The problem: Would you please repeat exactly the entries below, starting at the line with "隐形眼镜水可以带上飞机吗" and ending at the line with "film making courses in Lahore film", and nothing outside that range? Leave out the pictures.

Data to use:
____

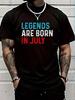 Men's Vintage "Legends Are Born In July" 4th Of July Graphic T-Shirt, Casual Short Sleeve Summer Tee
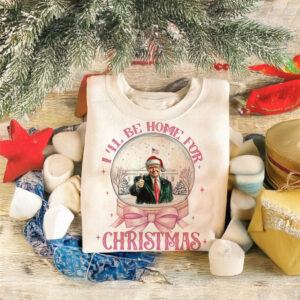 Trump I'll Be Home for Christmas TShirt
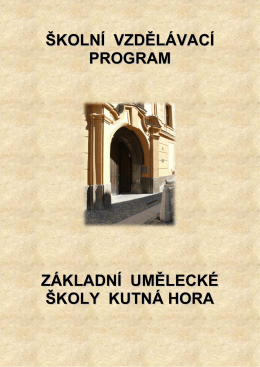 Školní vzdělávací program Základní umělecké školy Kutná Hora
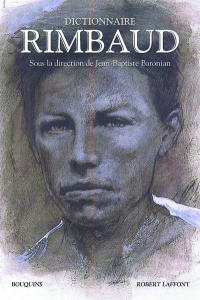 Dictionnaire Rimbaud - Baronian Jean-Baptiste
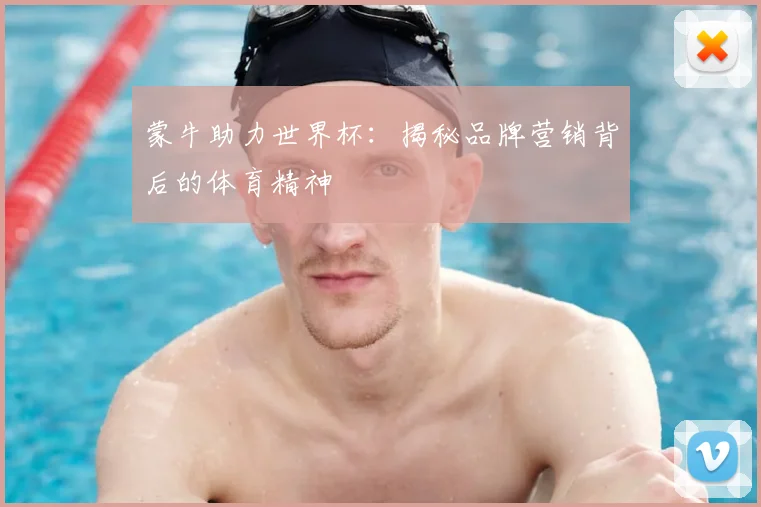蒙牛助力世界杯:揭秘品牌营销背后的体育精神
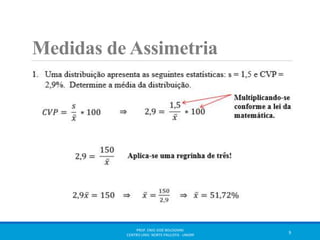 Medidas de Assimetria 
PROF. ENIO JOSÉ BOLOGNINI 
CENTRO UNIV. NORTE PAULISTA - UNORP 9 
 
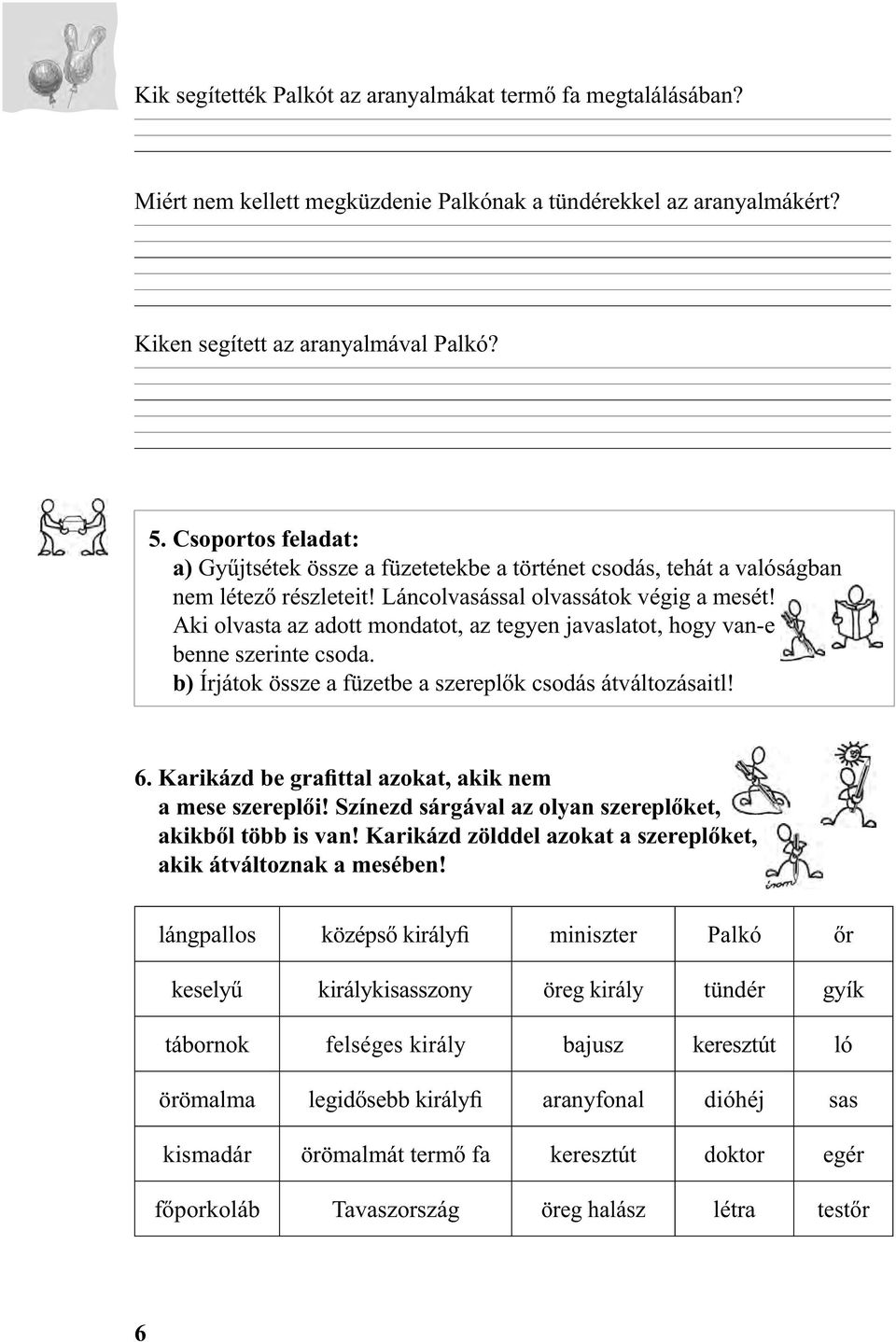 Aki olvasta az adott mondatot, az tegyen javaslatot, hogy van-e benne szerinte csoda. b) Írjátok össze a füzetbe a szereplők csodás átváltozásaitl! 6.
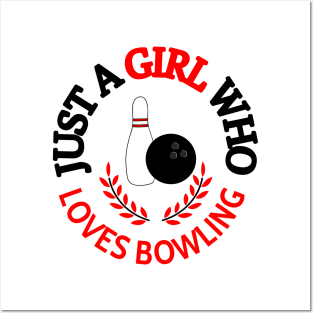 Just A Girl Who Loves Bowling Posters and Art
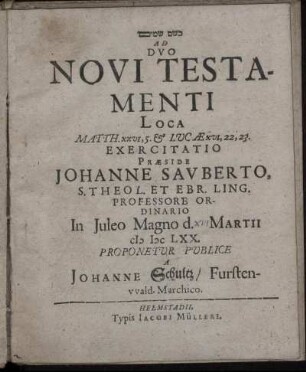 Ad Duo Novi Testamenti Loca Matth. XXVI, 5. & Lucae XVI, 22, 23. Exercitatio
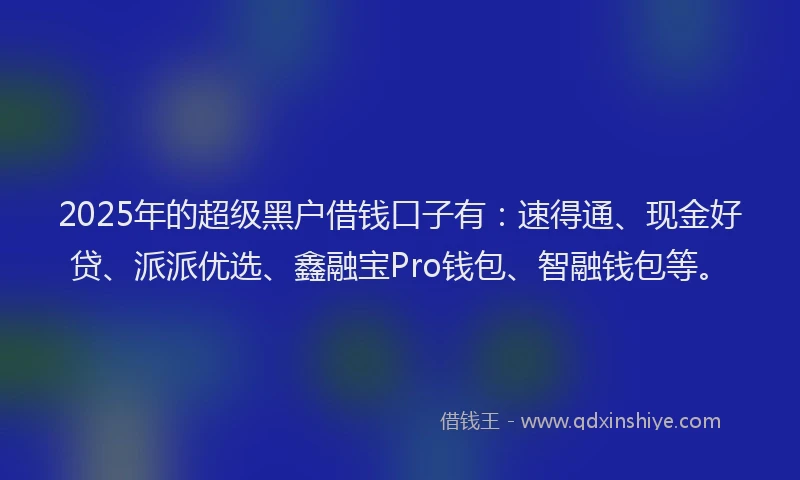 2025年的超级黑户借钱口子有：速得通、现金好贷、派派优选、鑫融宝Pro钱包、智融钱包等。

____

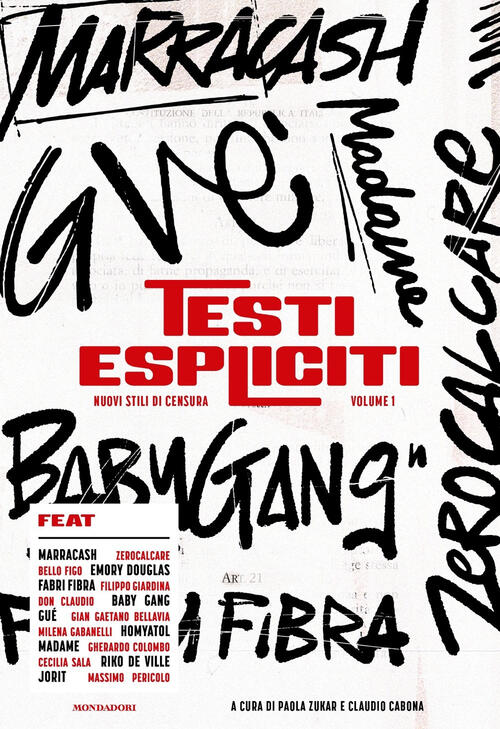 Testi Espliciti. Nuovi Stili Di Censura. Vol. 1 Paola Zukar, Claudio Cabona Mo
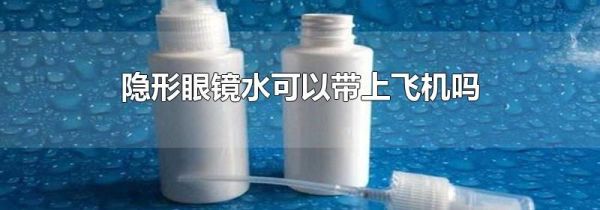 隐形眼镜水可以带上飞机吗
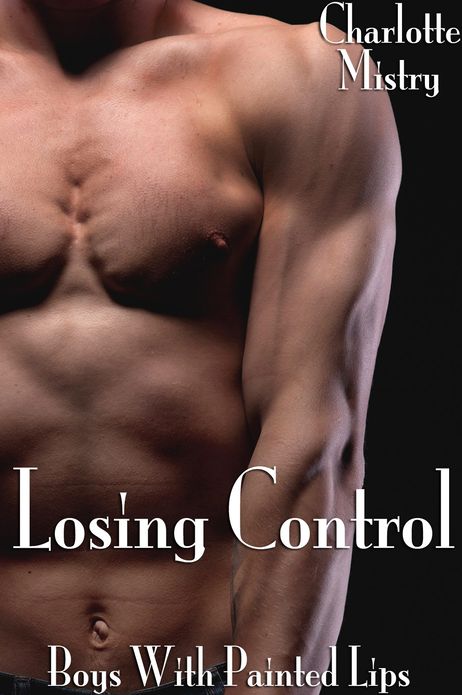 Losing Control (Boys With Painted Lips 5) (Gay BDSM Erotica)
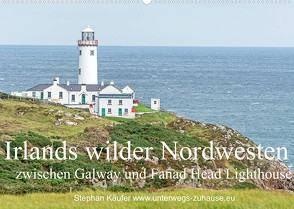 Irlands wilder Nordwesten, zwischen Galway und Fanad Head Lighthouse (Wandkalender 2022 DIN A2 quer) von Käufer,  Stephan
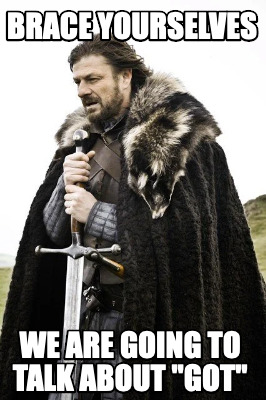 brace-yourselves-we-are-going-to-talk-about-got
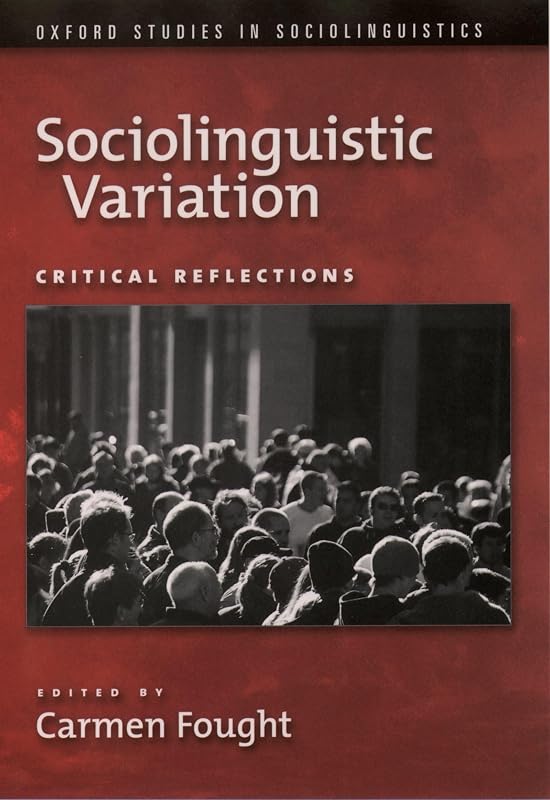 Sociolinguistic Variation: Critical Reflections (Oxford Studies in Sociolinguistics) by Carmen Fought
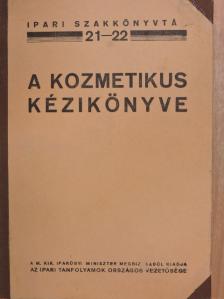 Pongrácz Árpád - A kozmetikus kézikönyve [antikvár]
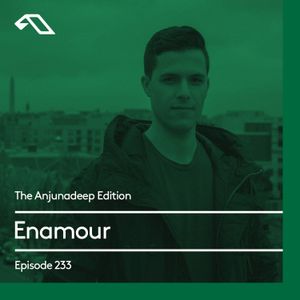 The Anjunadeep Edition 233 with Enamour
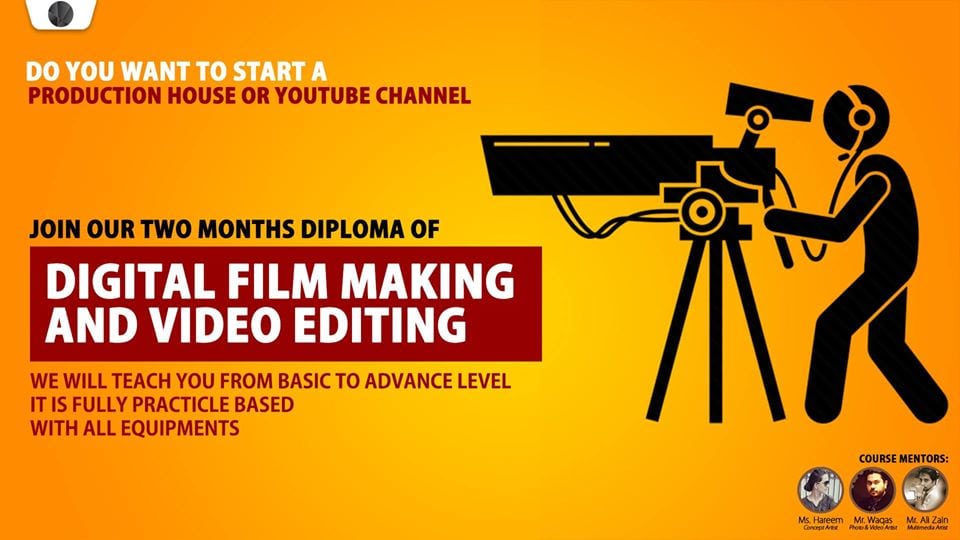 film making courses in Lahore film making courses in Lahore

____

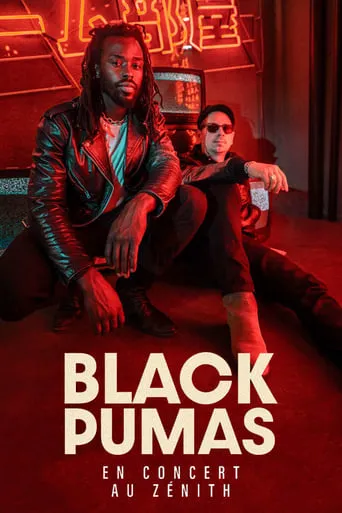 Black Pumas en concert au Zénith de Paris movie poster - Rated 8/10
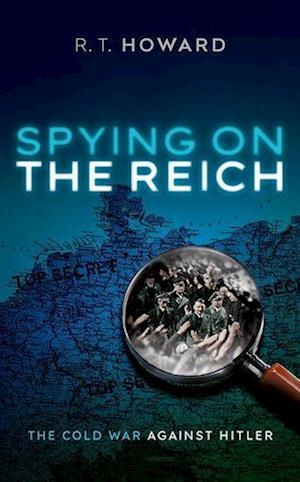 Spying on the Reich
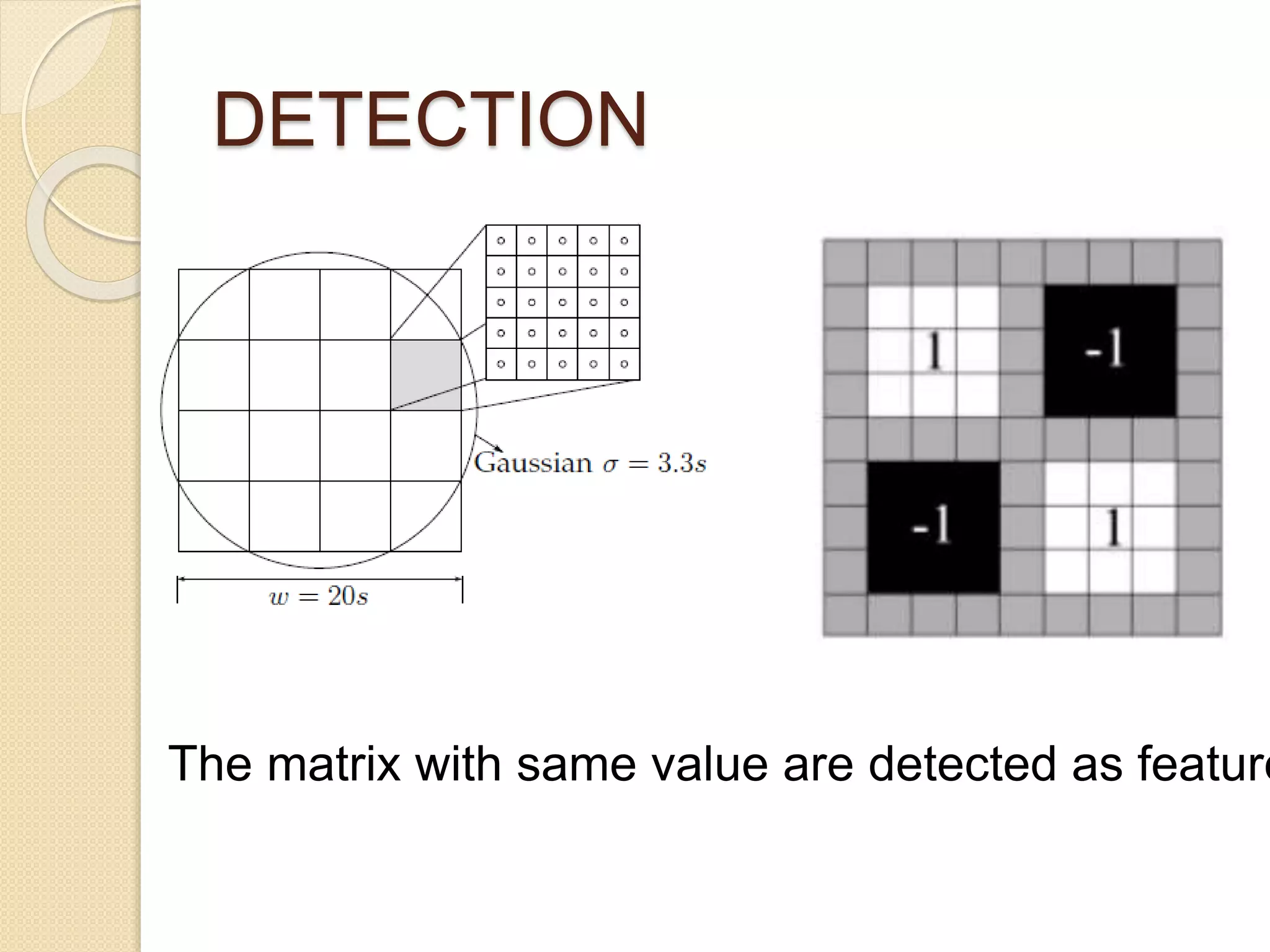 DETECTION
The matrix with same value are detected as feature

____

Response to this exercise:
 隐形眼镜水可以带上飞机吗
 Losing Control (Boys With Painted Lips 5) (Gay BDSM Erotica)
 Irlands wilder Nordwesten, zwischen Galway und Fanad Head Lighthouse (Wandkalender 2022 DIN A2 quer) von Käufer,  Stephan
 brace-yourselves-we-are-going-to-talk-about-got
 Sociolinguistic Variation: Critical Reflections (Oxford Studies in Sociolinguistics) by Carmen Fought
 Pongrácz Árpád - A kozmetikus kézikönyve [antikvár]
 The Anjunadeep Edition 233 with Enamour
 film making courses in Lahore film making courses in Lahore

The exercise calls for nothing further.